The answer must be only the lines below from the one holding "Photo 17 Renault" down to the one holding "116 21868 Lougheed", ends included, printed exactly; please omit all pictures.

Listed records:
....

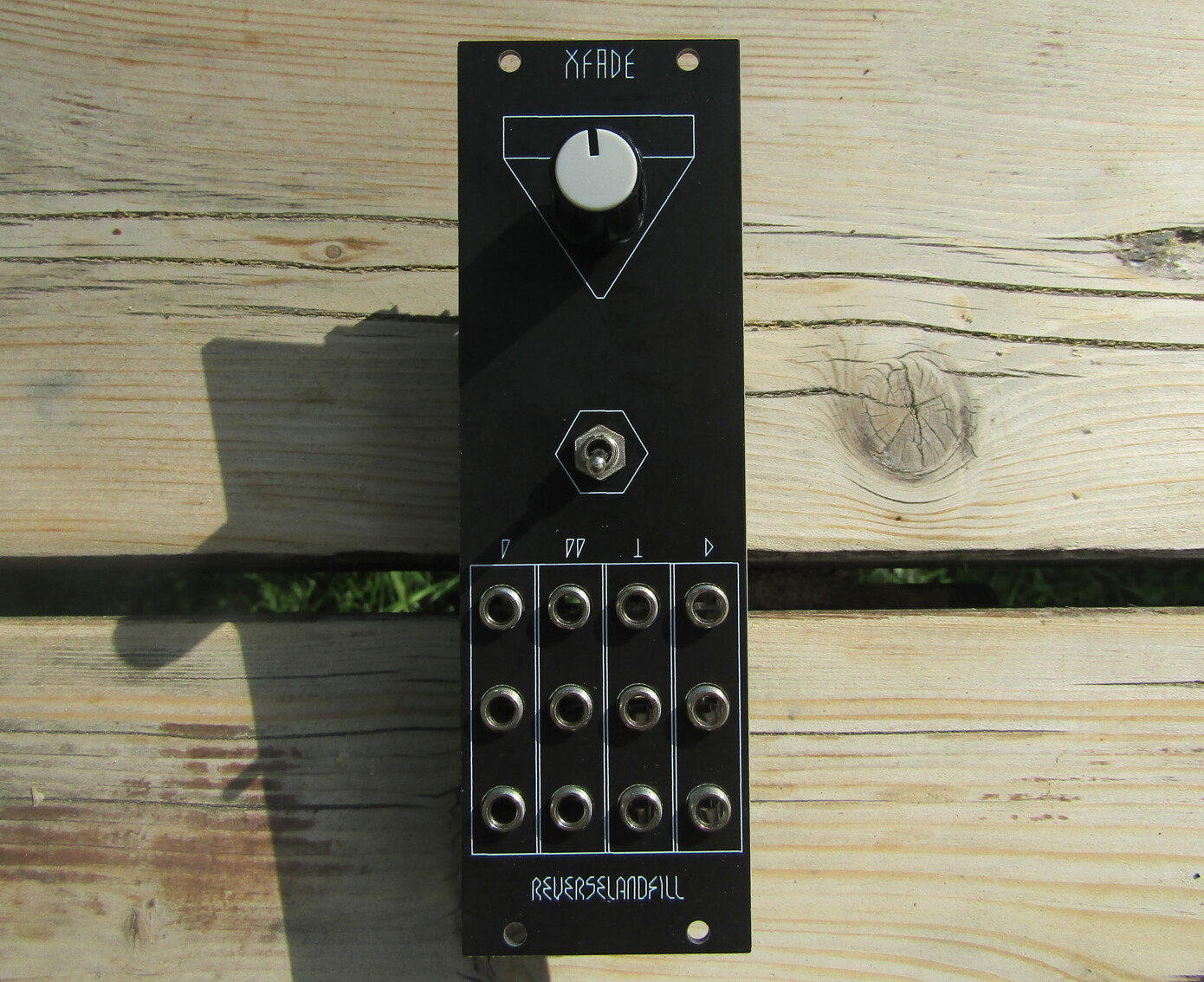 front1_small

....

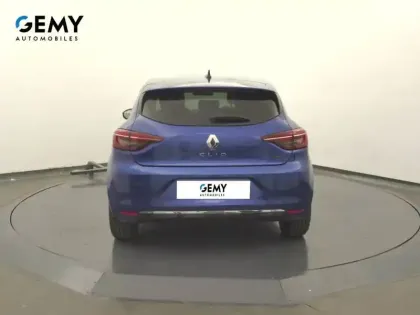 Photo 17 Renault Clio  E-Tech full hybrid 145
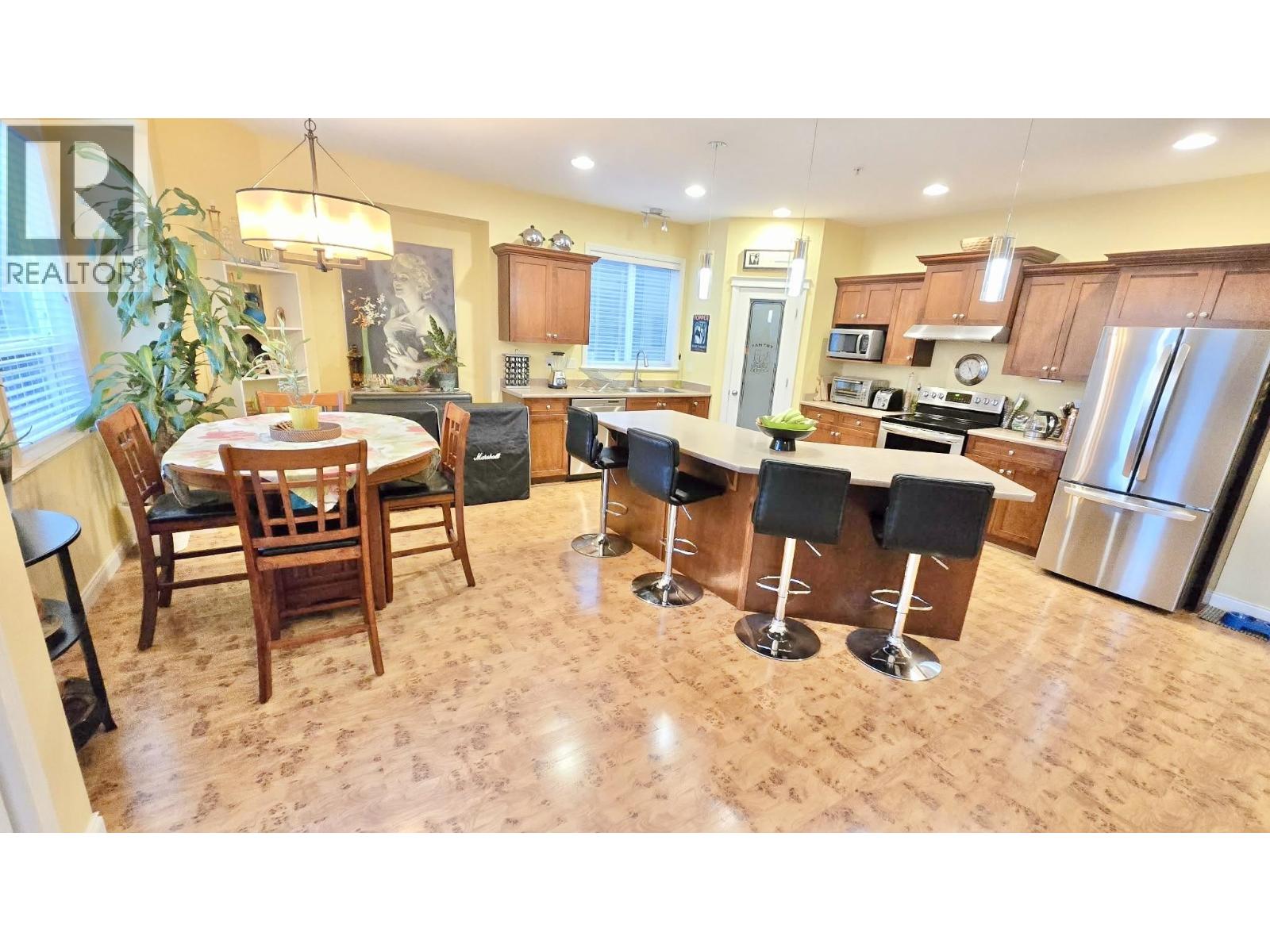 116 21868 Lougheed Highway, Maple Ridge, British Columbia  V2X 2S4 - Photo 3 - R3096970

....

Reply:
 Photo 17 Renault Clio  E-Tech full hybrid 145
 116 21868 Lougheed Highway, Maple Ridge, British Columbia  V2X 2S4 - Photo 3 - R3096970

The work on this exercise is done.